/introduction-datascience-python-book

Introduction to Data Science: A Python Approach to Concepts, Techniques and Applications

Primary LanguageJupyter Notebook

Introduction to Data Science

A Python Approach to Concepts, Techniques and Applications

This repository is part of the book: "Introduction to Data Science: A Python Approach to Concepts, Techniques and Applications"

http://www.springer.com/gp/book/9783319500164

About the Textbook:

This accessible and classroom-tested textbook/reference presents an introduction to the fundamentals of the emerging and interdisciplinary field of data science. The coverage spans key concepts adopted from statistics and machine learning, useful techniques for graph analysis and parallel programming, and the practical application of data science for such tasks as building recommender systems or performing sentiment analysis. Topics and features: provides numerous practical case studies using real-world data throughout the book; supports understanding through hands-on experience of solving data science problems using Python; describes techniques and tools for statistical analysis, machine learning, graph analysis, and parallel programming; reviews a range of applications of data science, including recommender systems and sentiment analysis of text data; provides supplementary code resources and data at an associated website.

About the authors:

Dr. Laura Igual is an Associate Professor at the Departament de Matemàtiques i Informàtica, Universitat de Barcelona, Spain. Dr. Santi Seguí is an Assistant Professor at the same institution. The book was co-written by Jordi Vitrià, Eloi Puertas, Petia Radeva, Oriol Pujol, Sergio Escalera, Francesc Dantí and Lluís Garrido.

Subject Area of the Book

In this era, where a huge amount of information from different fields is gathered and stored, its analysis and the extraction of value have become one of the most attractive tasks for companies and Society in general. The design of solutions for the new questions emerged from data have required multidisciplinary teams. Computer Scientists, Statisticians, Mathematicians, Biologists, Journalists and Sociologists, as well as many others are now working together in order to provide knowledge from data. This new interdisciplinary field is called Data Science. The pipeline of any data science goes through asking the right questions; gathering data; cleaning data; generating hypothesis; making inferences; visualizing data; assessing solutions; etc.

Organization and Feature of the Book

This book is an introduction to concepts, techniques and applications in Data Science. The book focuses on the analysis of data, covering concepts from statistics to machine learning; techniques for graph analysis and parallel programming; and applications such as recommender systems or sentiment analysis.
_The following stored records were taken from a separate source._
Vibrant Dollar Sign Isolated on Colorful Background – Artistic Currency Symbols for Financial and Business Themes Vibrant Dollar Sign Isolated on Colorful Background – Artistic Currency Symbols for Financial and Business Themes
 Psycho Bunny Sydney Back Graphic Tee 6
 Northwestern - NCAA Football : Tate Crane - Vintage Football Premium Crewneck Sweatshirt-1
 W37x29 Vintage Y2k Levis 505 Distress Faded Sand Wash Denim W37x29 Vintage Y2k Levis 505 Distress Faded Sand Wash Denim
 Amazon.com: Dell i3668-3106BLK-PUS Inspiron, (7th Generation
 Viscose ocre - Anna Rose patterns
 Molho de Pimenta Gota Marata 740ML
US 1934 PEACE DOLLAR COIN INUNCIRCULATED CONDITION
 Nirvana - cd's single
All chapters introduce new concepts that are illustrated by practical cases using real data. Public databases such as Eurostat, different social networks and Movilens are used. Specific questions about the data are posed in each chapter. The solutions to these questions are implemented using Python programming language and presented in code boxes properly commented. This allows the reader to learn data science by solving problems which can generalize to other problems. The book is not intend to cover the whole set of data science methods neither to provide a complete collection of references. Currently, data science is an increasing and emerging field, so readers are encourage to look for specific methods and references using keywords in the net.

Target audiences

This book is addressed to upper-tier undergraduate and beginning graduate students from technical disciplines. Moreover, the book is also addressed to professional audiences following continuous education short courses and to researchers from diverse areas following self-study courses. Basic skills in computer science, mathematics and statistics are required. Code programming in Python is of benefit. However, even if the reader is new to Python this should not be a problem, since acquiring the Python basics is manageable in a short period of time.

Previous Uses of the Materials

Parts of the presented materials have been used in the Postgraduate course of Data Science and Big Data from University of Barcelona. All contributing authors are involved in this course.